WHAT IS NEEDED =>
Give the entries back exactly as they stand, but without pictures.

Source records:
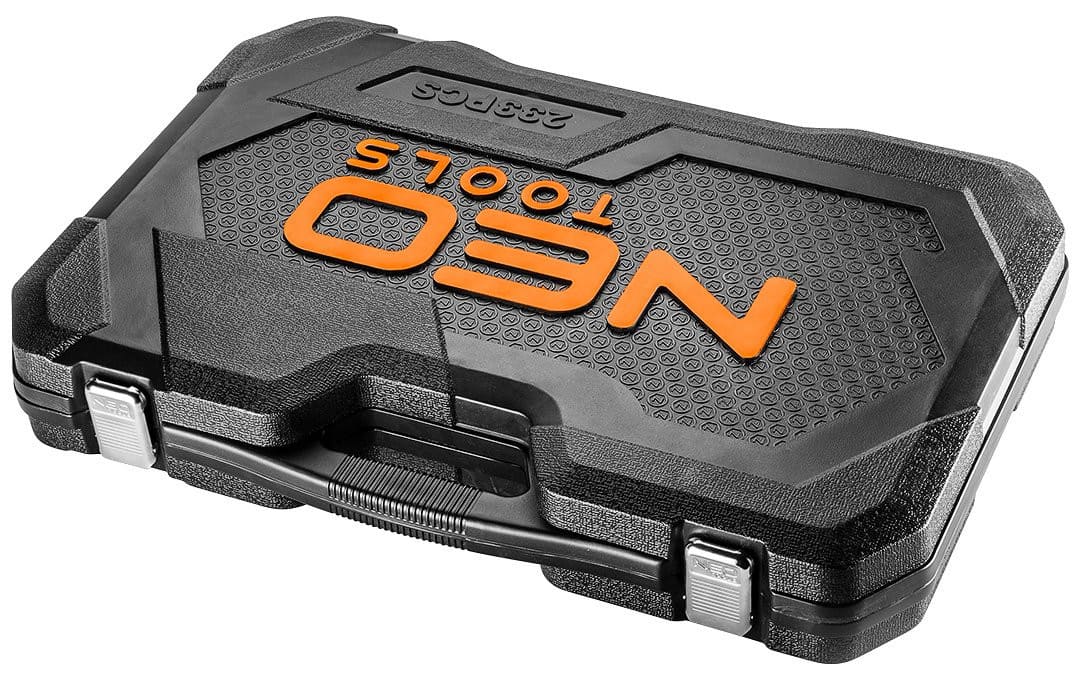 Neo Tools Hylsnyckelsats 233 delar 1/2, 3/8, 1/4, NeoTools - 12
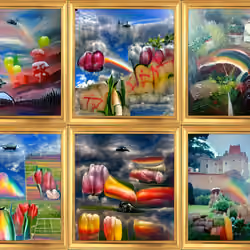 Rainbow Fantasy Masterpiece V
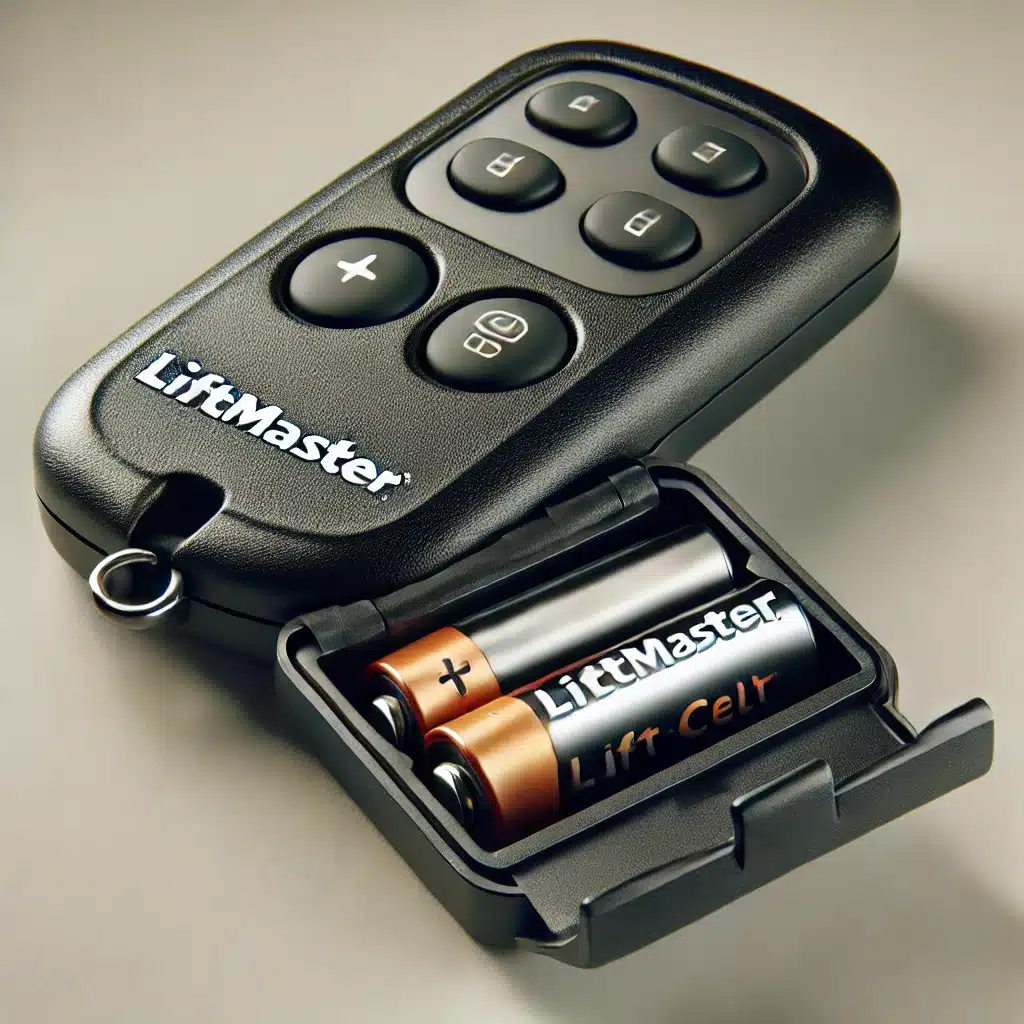 Liftmaster Garage Door Opener Remote Battery (DIY Tips 2024)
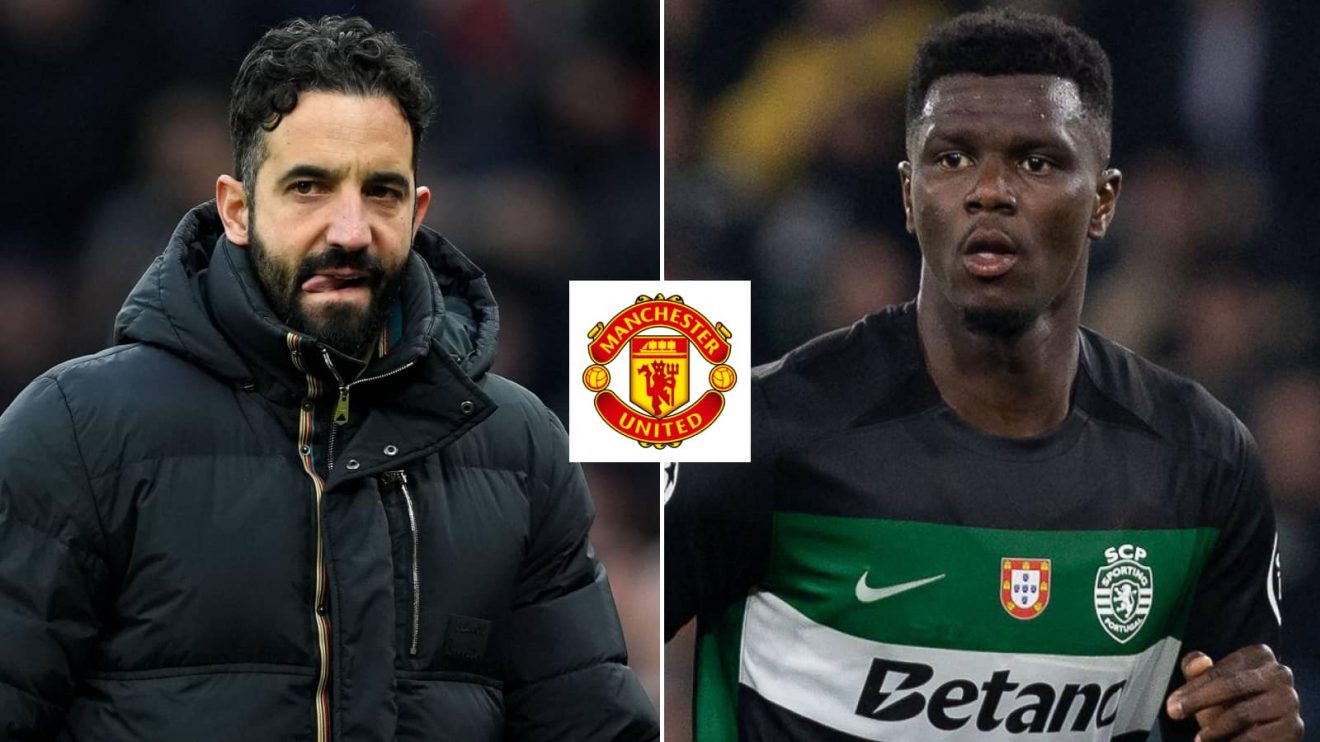 Ruben Amorim is keen on being reunited with Ousmane Diomande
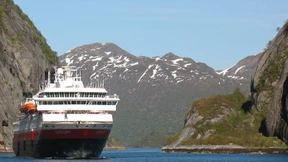 Norwegische Fähre in Seenot – Motor ausgefallen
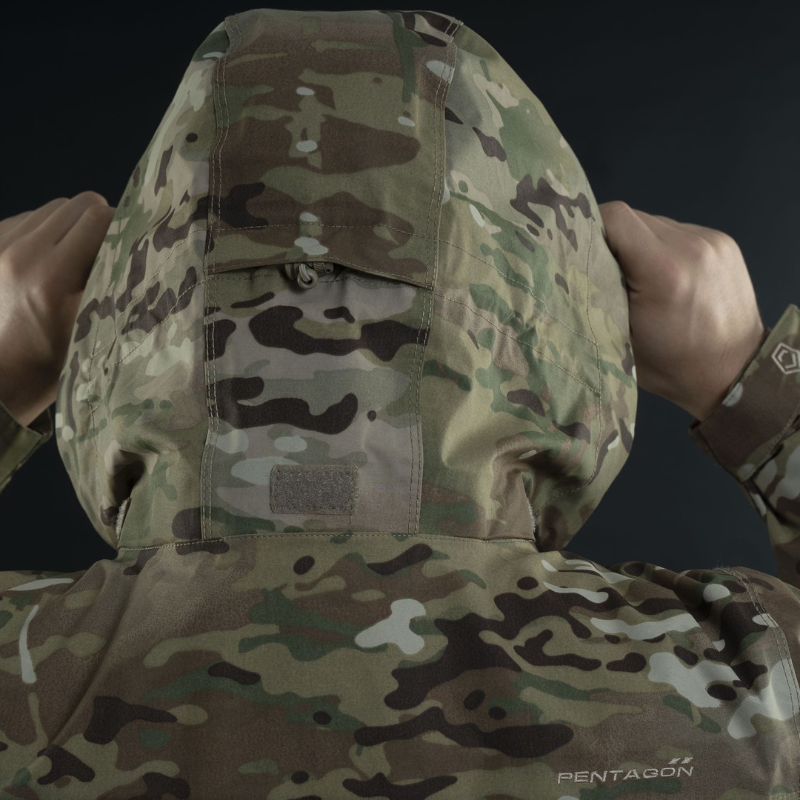 Veste de pluie Pentagon Hurricane Multicam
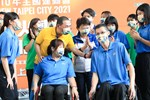 110年全國運動會聖火傳遞-臺中站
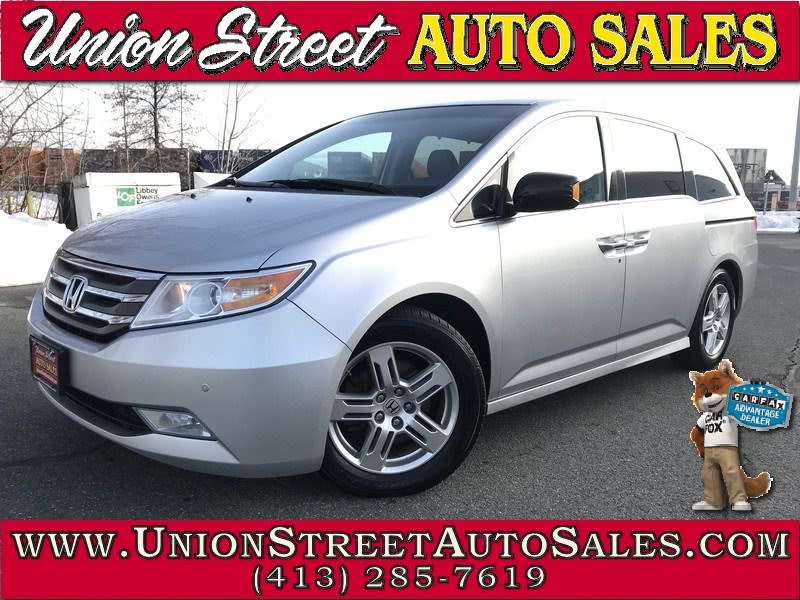 Used Honda Odyssey 5dr Touring Elite 2012 | Union Street Auto Sales. West Springfield, Massachusetts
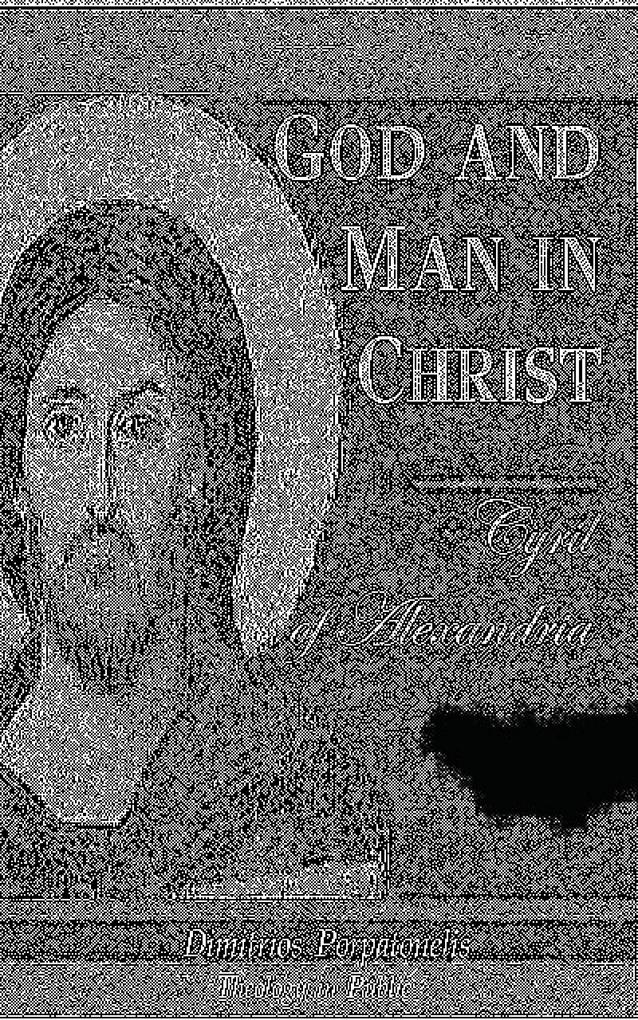 God and Man in Christ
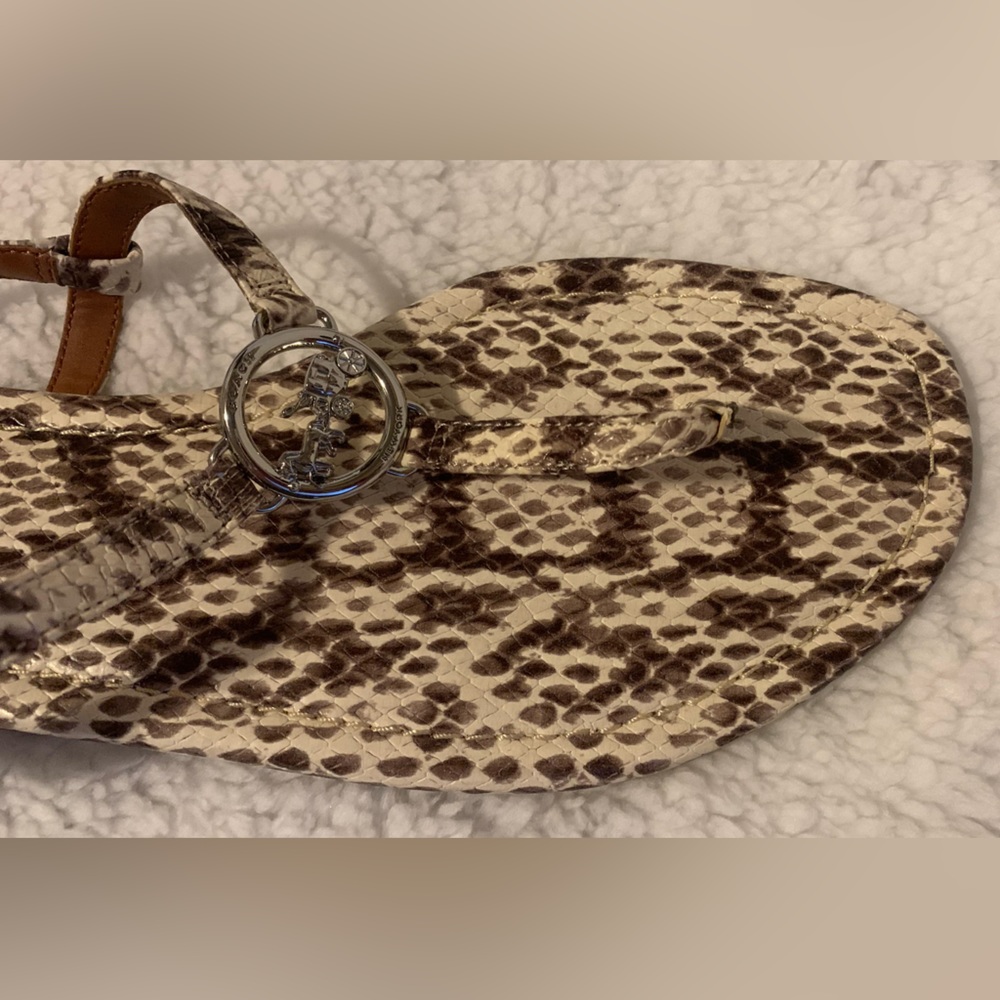 Coach Jazmin Sandal - Size 9.5B - Picture 6 of 15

RESPONSE AREA =>
 Neo Tools Hylsnyckelsats 233 delar 1/2, 3/8, 1/4, NeoTools - 12
 Rainbow Fantasy Masterpiece V
 Liftmaster Garage Door Opener Remote Battery (DIY Tips 2024)
 Ruben Amorim is keen on being reunited with Ousmane Diomande
 Norwegische Fähre in Seenot – Motor ausgefallen
 Veste de pluie Pentagon Hurricane Multicam
 110年全國運動會聖火傳遞-臺中站
 Used Honda Odyssey 5dr Touring Elite 2012 | Union Street Auto Sales. West Springfield, Massachusetts
 God and Man in Christ
 Coach Jazmin Sandal - Size 9.5B - Picture 6 of 15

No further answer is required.